I get a shudder down my spine reading this. This argument is basically that it's the customer's problem, not ours. You recognize it instantly if you're ever watched an episode of Kitchen Nightmares where Gordon Ramsay goes into a failing restaurant to try to help the owners turn things around. Invariably the owner states to Ramsay that the restaurant's problem is not their food quality, is not their decor, is not their levels of service or their menu selections.
Their ego can never take the next step of logic: you have no customers because...(your food sucks, your decor is outdated, your service is slow and your menus are uninspiring). Customers are not stupid. It just makes you feel better to believe they are.
"The questions that need to be asked are not just of poets or even publishers, but of educators and society as a whole" is another way of blaming the customer. And contempt for the customer never works in turning a business around. Like...never.
And selling books, reality check, is a business.
We must question a phrase like "the role of art in a totally commoditised environment" because both art and books are commodities...unless you give your books away for free or strap them up on a public monument. In fact, some would argue that books and poetry are part of the whole art/information/entertainment glut of trash we produce in this world. So if we could stop pretending and pretentiously sanctifying what we do for a moment, we might relate more effectively with our customers. Or at least be in a position to listen to them.
The paradigm of publishing is transforming just like the sales of music transformed a decade ago. And it's transforming similarly because publishers haven't been listening to their customers or serving their authors (my husband is at this moment reading a University of Oklahoma Press book full of confusing typos and grammatical errors).

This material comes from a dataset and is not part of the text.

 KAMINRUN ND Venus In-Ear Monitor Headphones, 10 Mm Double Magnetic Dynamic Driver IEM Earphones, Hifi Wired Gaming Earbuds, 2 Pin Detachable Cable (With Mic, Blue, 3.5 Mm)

The poetry biz is a long shot of long shots, especially considering even new novelists are struggling to find an audience. Actors, producers and directors are struggling to get an audience. Poets for years have been only marketing to other poets who cry poor and don't buy books of poetry. Meanwhile, in the outside world poetry has lost its moral authority and barely retains any intellectual authority. How does any business turn around a slump or a bad reputation: marketing.
It's all about marketing for everybody. And if you keep on denying reality and stubbornly adhere to the techniques that have been failing for the last 20-30 years, the same lame excuses about how society doesn't value poetry, you will sink.

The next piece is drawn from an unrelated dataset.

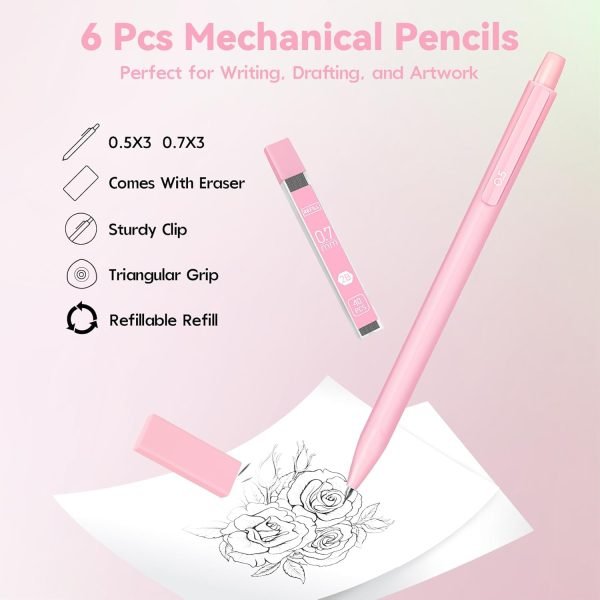 wholesale 52 pcs aesthetic school supplies with cute pencil case, stationery essentials with pens pencils and pastel highlighters set,college back to school supplies for teen girls,pastel office supplies-pink free samples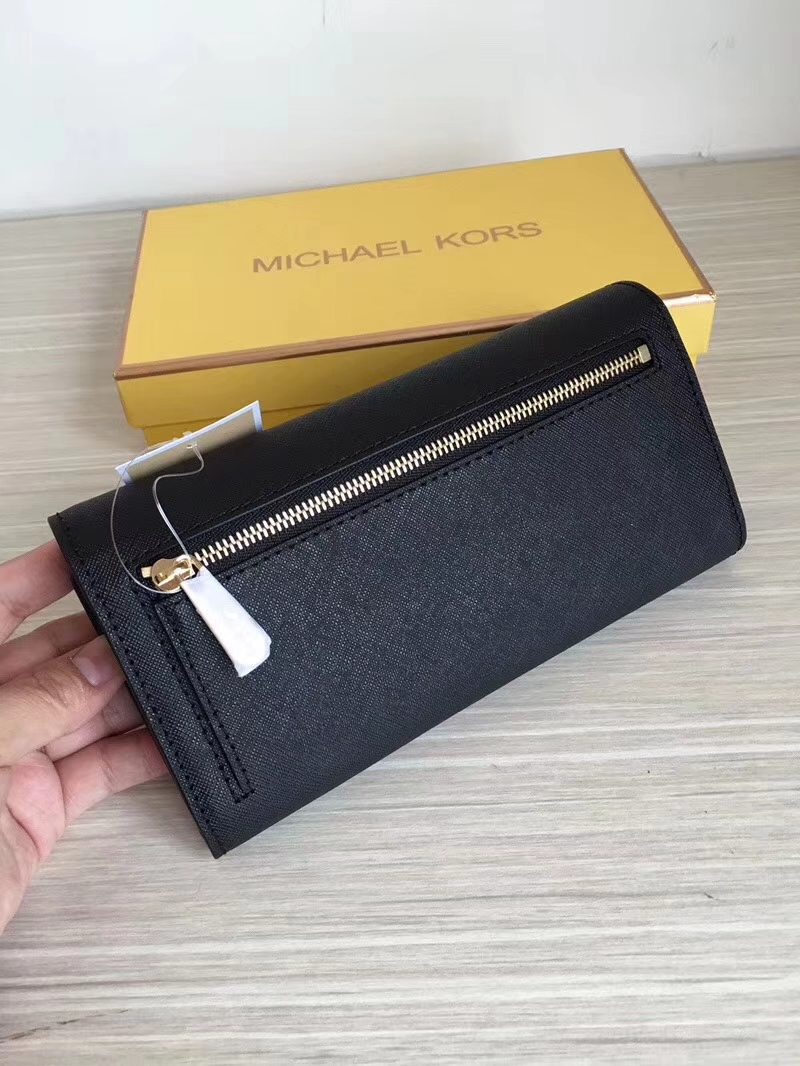 迈克高仕钱包价格 MK黑色原单十字纹牛皮三折长款钱夹手包20cm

I've been watching old episodes of The Mary Tyler Moore Show this week on DVD. Even in the first season's episodes from the early 1970s, the characters were complaining about the same things we complain about today: nobody watches the news, insurance companies are a racket, it's hard to find time for our heart's pursuits. Not much has changed in all these years. New technology just provides new ways for us to be who we already were. And even technologies are failing to better technologies. Cable TV has ignored and gouged their customers so long, Hulu is threatening them. Amazon has finally crushed the big book superstores who once crushed your small, independent, local bookstores. Nothing has changed fundamentally, including all the hand-wringing from the complainers and excuse-givers.
"They have bad taste and it's not my fault."
That's okay to believe if you want an empty restaurant.
Listen poetry peoples, you took this boat out on the bay and you've been sinking for years. Stop blaming the water.